JIMMY HENSLEY - 10/11/1945 - is a former NASCAR driver. With a career spanning 27 seasons in all three of NASCAR's elite divisions, Hensley may be best remembered for his Rookie of the Year award won in 1992, his 15th season in the series, and for his nine career XFinity Series wins. He spent most of his career working as an oil truck driver in addition to racing. He was best known as being a substitute driver for many teams. Hensley's NASCAR Cup career began in 1972, driving for famous owner Junie Donlavey in the #90 Ford.
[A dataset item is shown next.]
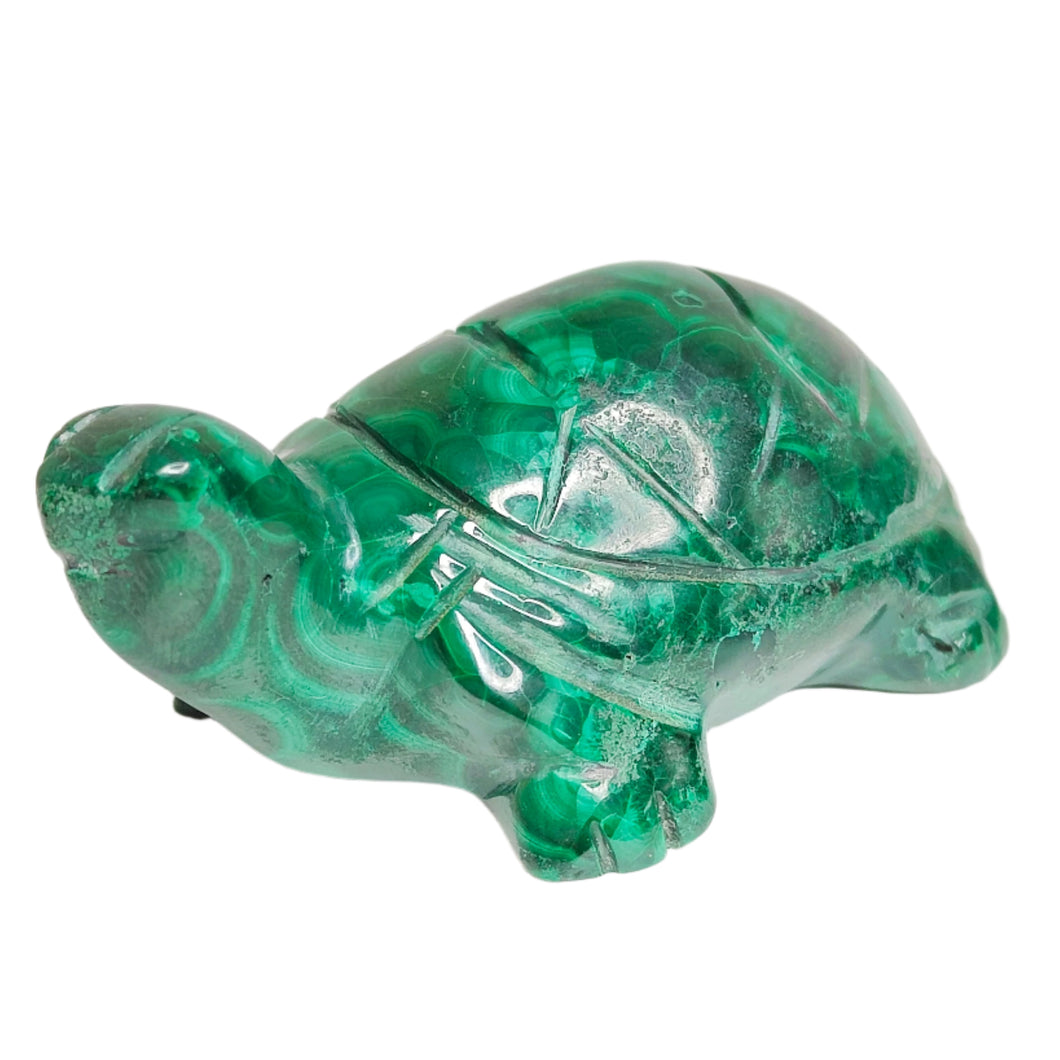 Malachite Turtle # 51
Both of his starts that season came at Martinsville Speedway, the track being just ten miles from Hensley's hometown of Ridgeway, VA. Though an engine failure in his first start relegated Hensley to a 33rd place finish, he completed all but seven laps of the fall event, the Old Dominion 500, to finish fifth. This would end up being Hensley's best finish in his 98 career Winston Cup Series races. Hensley competed again for Donlavey in the 1973 and 1974 Virginia 500 events, coming home in seventh and sixth places, respectively. For the 1974 Old Dominion 500, Hensley drove the #02 Chevrolet owned by Russell Large, finishing 19th. Beginning in 1975, Hensley drove the #63 Chevrolet for part-time owner Billy Moyer, competing in both Martinsville races each year until 1977 and registering a top ten each season. It would be last Cup race for several years. In 1981, Hensley returned to the Cup Series, driving in the fall Martinsville event for Cecil Gordon in the #24 Buick and bringing home a seventh
place result. For the next eight seasons, Hensley competed on-and-off in the Cup Series and raced full-time in the Xfinity ranks. His first Xfinity series start would be at Martinsville; he would start 15th and finish 7th. He ran 11 events that season and had a best finish of second at Caraway Speedway in Asheboro NC. In 1983 he posted five top five finishes and finished fourth in the points. Behind the wheel of the #00 Oldsmobile in 1985, Hensley came home second in points, just 29 points behind champion Jack Ingram, after a season with three wins at Hickory, South Boston, and IRP. His first career win came at Hichory Speedway in NC; where he started fourth and led the final 30 laps to get the win. Hensley again finished second in points in 1987 driving the #5 Advance Auto Parts Buick for Sam Ard, starting and finishing first in the
season finale at Martinsville for his only win of the season. In 1990 he was once again second in the points after posting one win and nine top five finishes. His final Xfinity series win would come in 1991; a year in which he claimed three victories. At Orange County Speedway in Rougemont NC; Hensley would start second' lead 103 laps and beat out Robert Pressley by eight seconds to claim his last Xfinity Series win. Beginning in 1995, Hensley began to compete in the newly-formed Craftsman Truck Series, driving in his first two seasons for owner Grier Lackey. His first full season was in the #30 Mopar Performance Dodge Ram in
1996, where he had five top-fives and a pole position. In 1997, however, Hensley joined Petty Enterprises, piloting the #43 Cummins Dodge in the next three seasons. At age 52 in 1998, Hensley found victory lane at Nashville and finished sixth in the final points standings. The next year, he finished first at Martinsville, recording what would be the last win of his career. That year, he made his final run in the Xfinity Series, filling in for Wayne Grubb. For his career Hensley ran 146 Truck series races, winning two. He ran 255 Xfinity Series races posting nine wins; and he raced in 98 CUP races without posting a victory.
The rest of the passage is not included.